### Work task:
Repeat the data verbatim, images excluded.

### Recorded information:
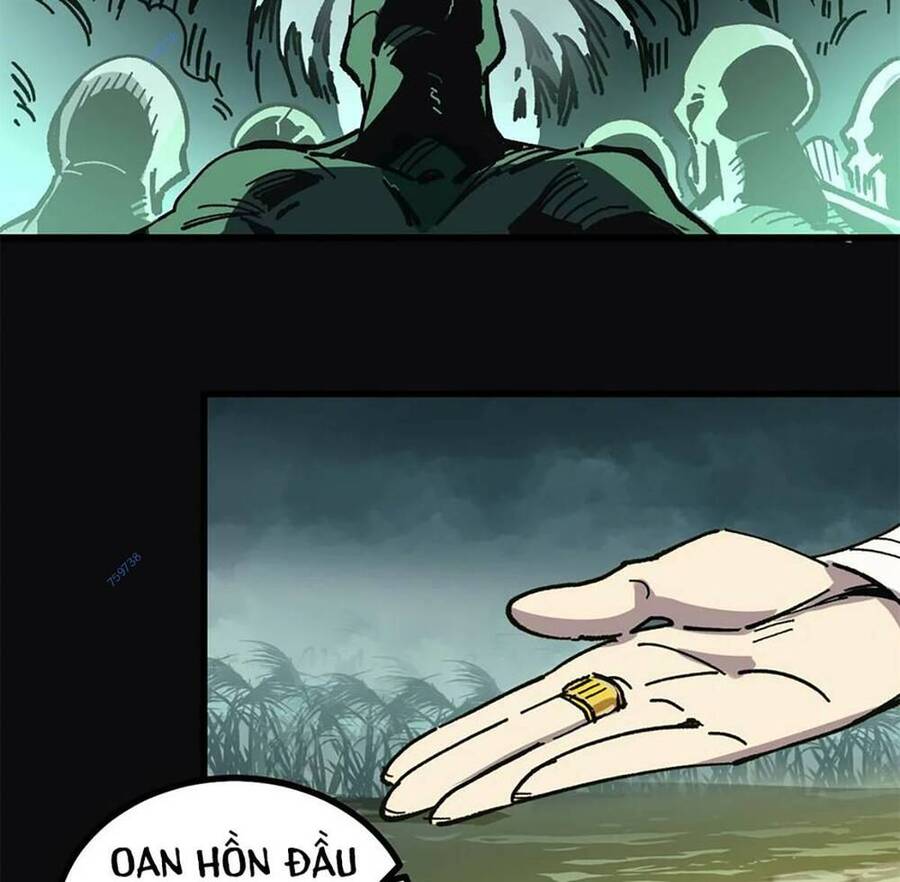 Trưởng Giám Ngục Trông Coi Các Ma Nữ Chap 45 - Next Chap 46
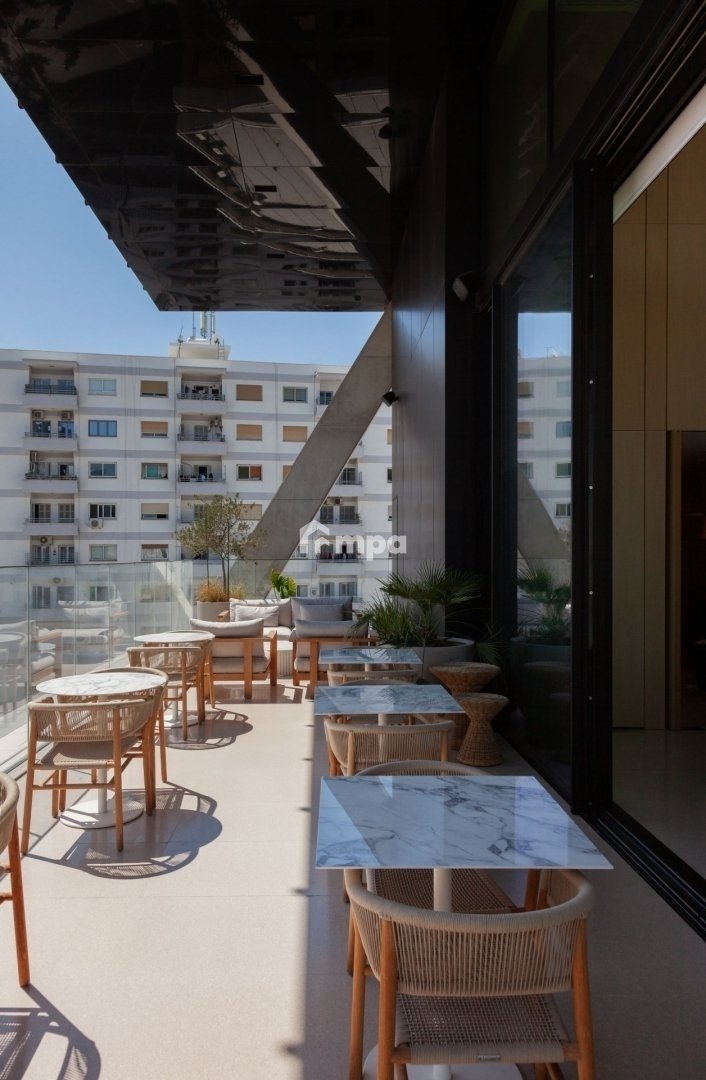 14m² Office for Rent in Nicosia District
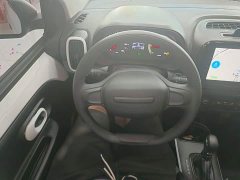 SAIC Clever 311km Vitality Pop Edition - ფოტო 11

### Expected answer:
 Trưởng Giám Ngục Trông Coi Các Ma Nữ Chap 45 - Next Chap 46
 14m² Office for Rent in Nicosia District
 SAIC Clever 311km Vitality Pop Edition - ფოტო 11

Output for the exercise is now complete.